The Haroon Mirza/hrm199 Ltd. exhibition focuses on the collaborative nature of the artist’s practice. The exhibition’s title, the name of Mirza’s studio and company, ‘hrm199 Ltd.’, implies the essence of his approach. Artistic work is inherently a process with many contributors. It includes co-workers in the studio, the architect or the people involved at the museum as well as other artists. In this case the latter include Alexander Calder, Channa Horwitz and Anish Kapoor all of whom, either through contributing their own work or through creative dialogue, lead to innovation. Various forms of artistic interaction such as appropriation, dialogic structures and complicity between the different contributors including the act of curating itself are presented. Accompanying the exhibition there is a catalogue which takes an experimental format by rendering the creative and practical interactions visible and mirroring part of each creative process in the exhibition itself.

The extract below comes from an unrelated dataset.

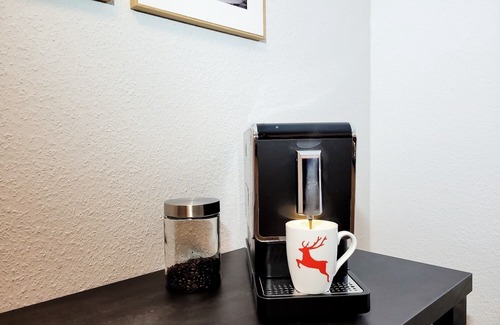 Busterbach Apartment | Vacation apartment with 90sqm, 2 bedrooms, max. 4 persons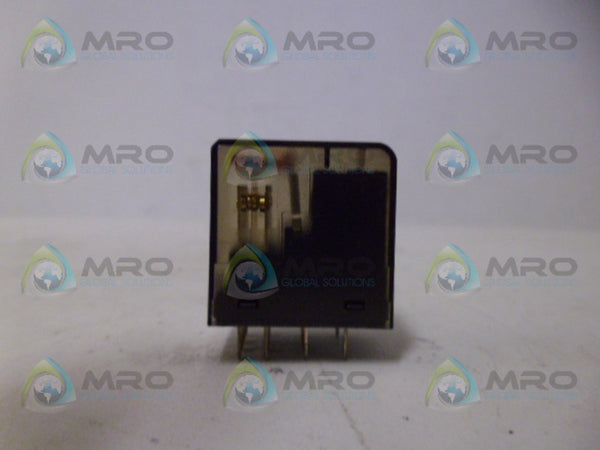 SCHRACK PT530024 RELAY 24V UNMP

Mirza’s artistic creation is a permanent experiment within which critical analysis and categorisation of art production are contained. His sound, light and media installations are characterised by formal precision as well as the development of complex narratives. They appeal to the sense of vision as much as to that of hearing and explore the relationship between the two. The site-specific installations create a multi-layered dialogue between the materials used including audio equipment, LEDs, solar panels as well as found footage and works by other artists. At times, the artist’s own creations are transformed back into material that is to be integrated into new works. A recurrent theme is “Mis-use”, the creative alienation and transformation of apparatus and its associated functions used as a strategy to break with established functions and to extend possibilities.
With artistic procedures of appropriation, the use of ready-mades and reverse ready-mades, as well as the incorporation of self-governing systems, Mirza questions the conditions under which art is produced and playfully deconstructs the role of the authors and artists. It is this aspect that the exhibition focuses on.